▶ WORK TASK:
Transcribe all of the records word for word, but omit the pictures.

▶ PROVIDED RECORDS:

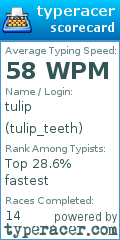 Scorecard for user tulip_teeth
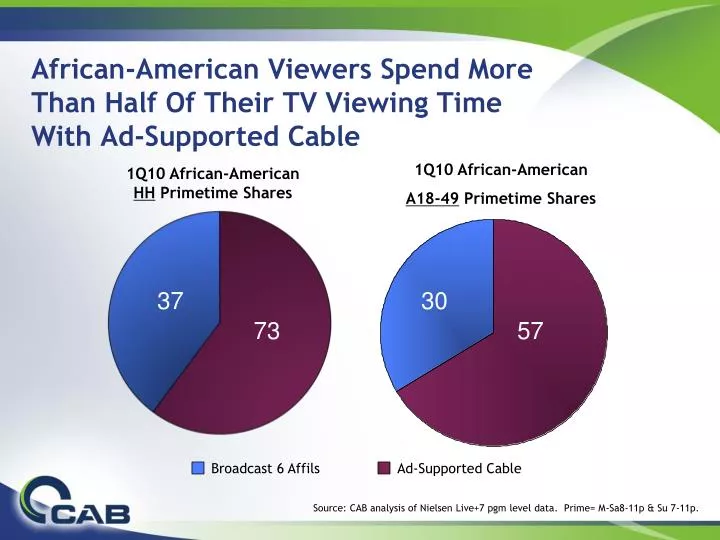 african american viewers spend more than half of their tv viewing time with ad supported cable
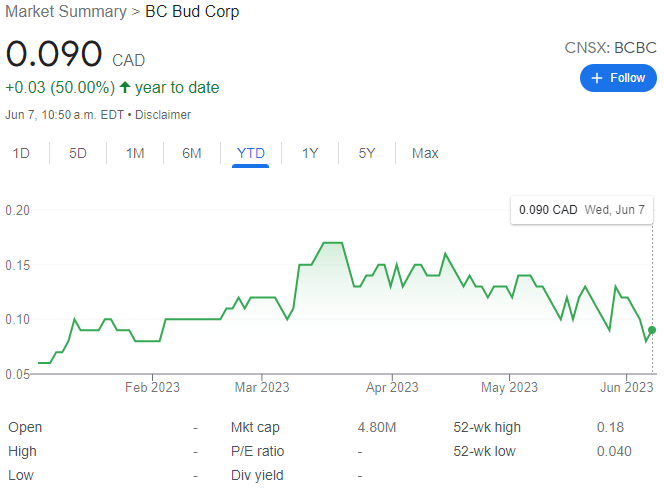 BC Bud Co Stock Chart YTD 06-08-23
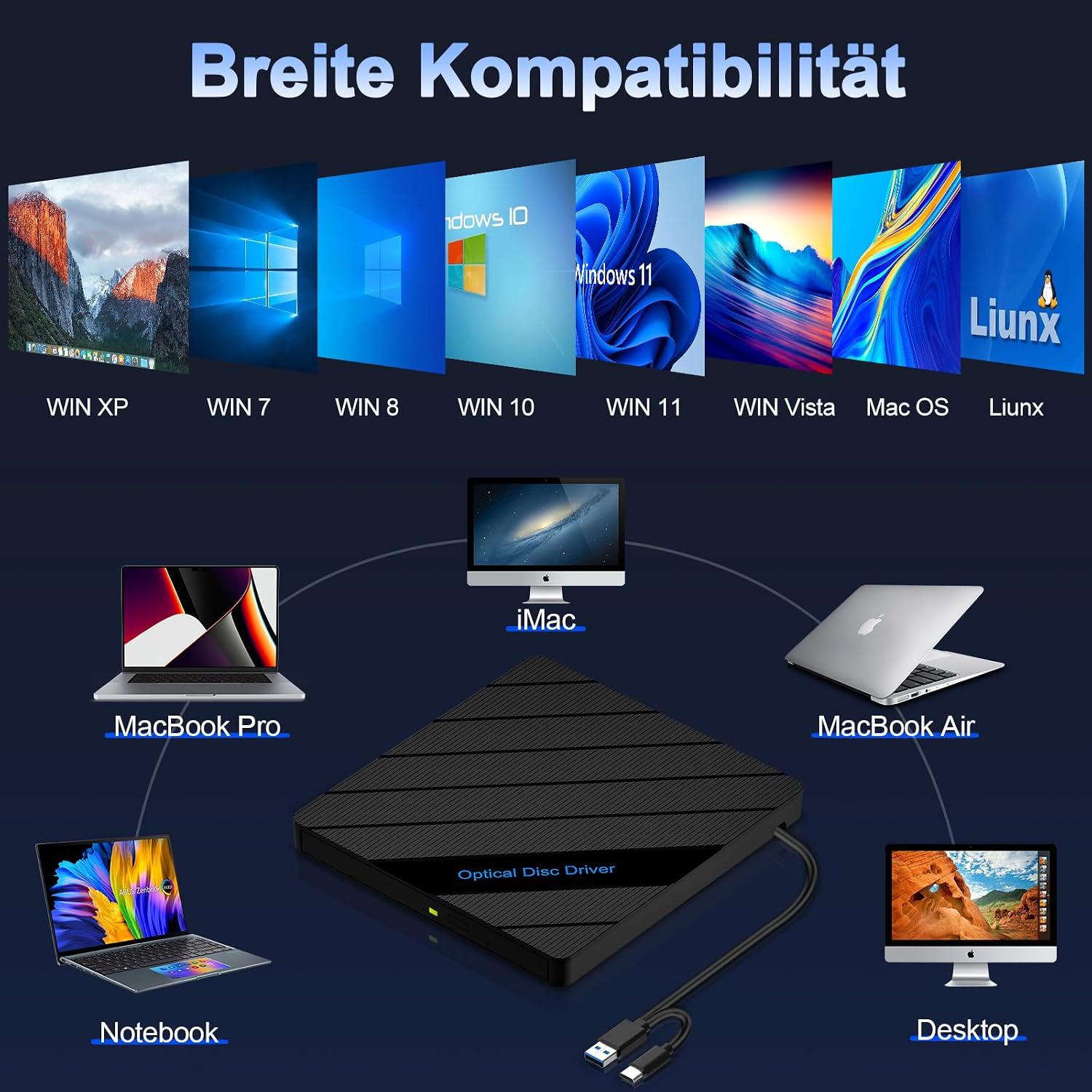 Thumbnail 4 de 8-in-1 Externes DVD-Laufwerk für Laptop mit USB 3.0 ⌚🎬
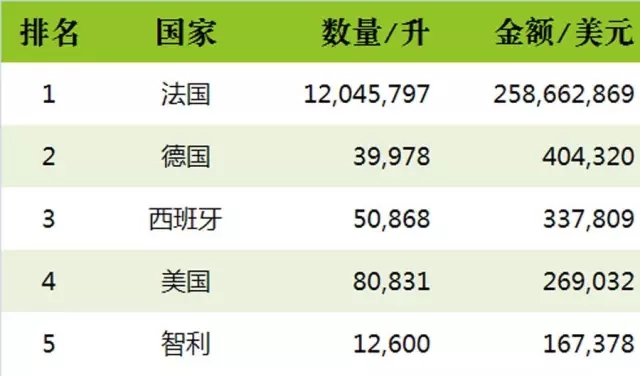 2016上半年中国进口烈酒海关数据新鲜出炉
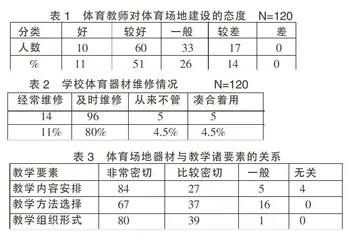 石家庄市区中学体育场地器材现状及对教学训练的影响研究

▶ ANSWER:
 Scorecard for user tulip_teeth
 african american viewers spend more than half of their tv viewing time with ad supported cable
 BC Bud Co Stock Chart YTD 06-08-23
 Thumbnail 4 de 8-in-1 Externes DVD-Laufwerk für Laptop mit USB 3.0 ⌚🎬
 2016上半年中国进口烈酒海关数据新鲜出炉
 石家庄市区中学体育场地器材现状及对教学训练的影响研究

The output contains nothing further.